- _Collected material_

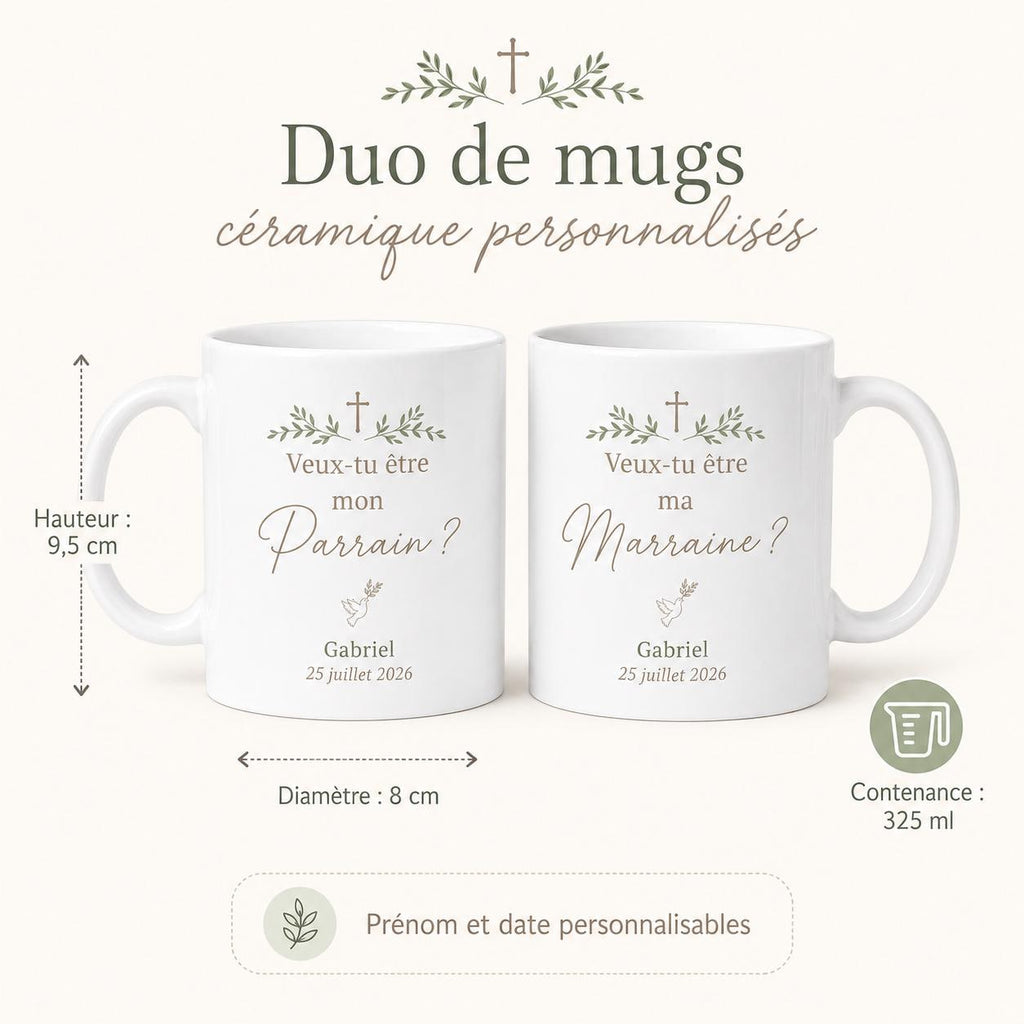 Duo Mug Demande Parrain Marraine Personnalisé, Veux-tu Être Mon Parrain Ma Marraine, Cadeau Baptême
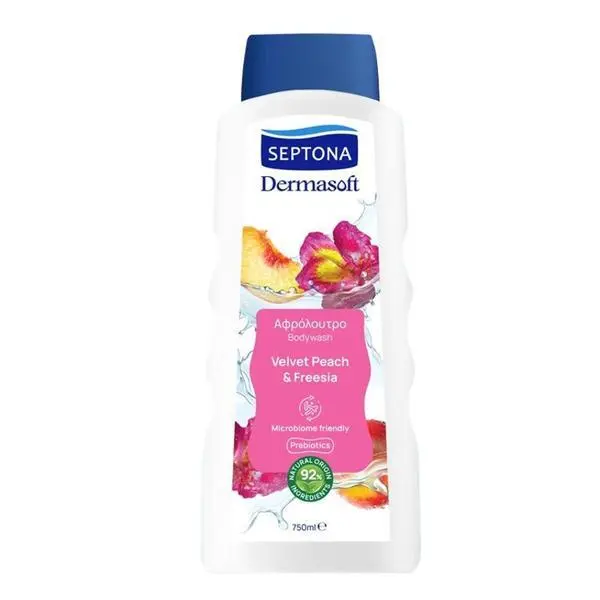 Septona Душ гел с праскова и фрезия - Septona Dermasoft Bodywash Velvet Peach &amp; Freesia, 750 мл
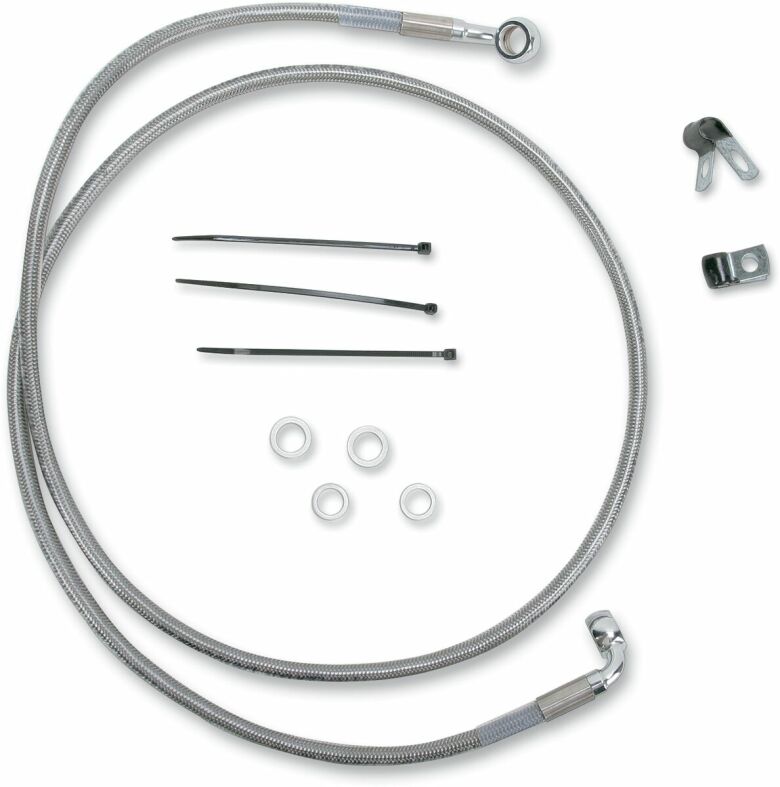 Front Brake Line Stainless Steel Extended 8"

- _What you are asked to do_
Images stay out, but the rest of the data above must be repeated exactly.

- _Solution for this problem_
 Duo Mug Demande Parrain Marraine Personnalisé, Veux-tu Être Mon Parrain Ma Marraine, Cadeau Baptême
 Septona Душ гел с праскова и фрезия - Septona Dermasoft Bodywash Velvet Peach &amp; Freesia, 750 мл
 Front Brake Line Stainless Steel Extended 8"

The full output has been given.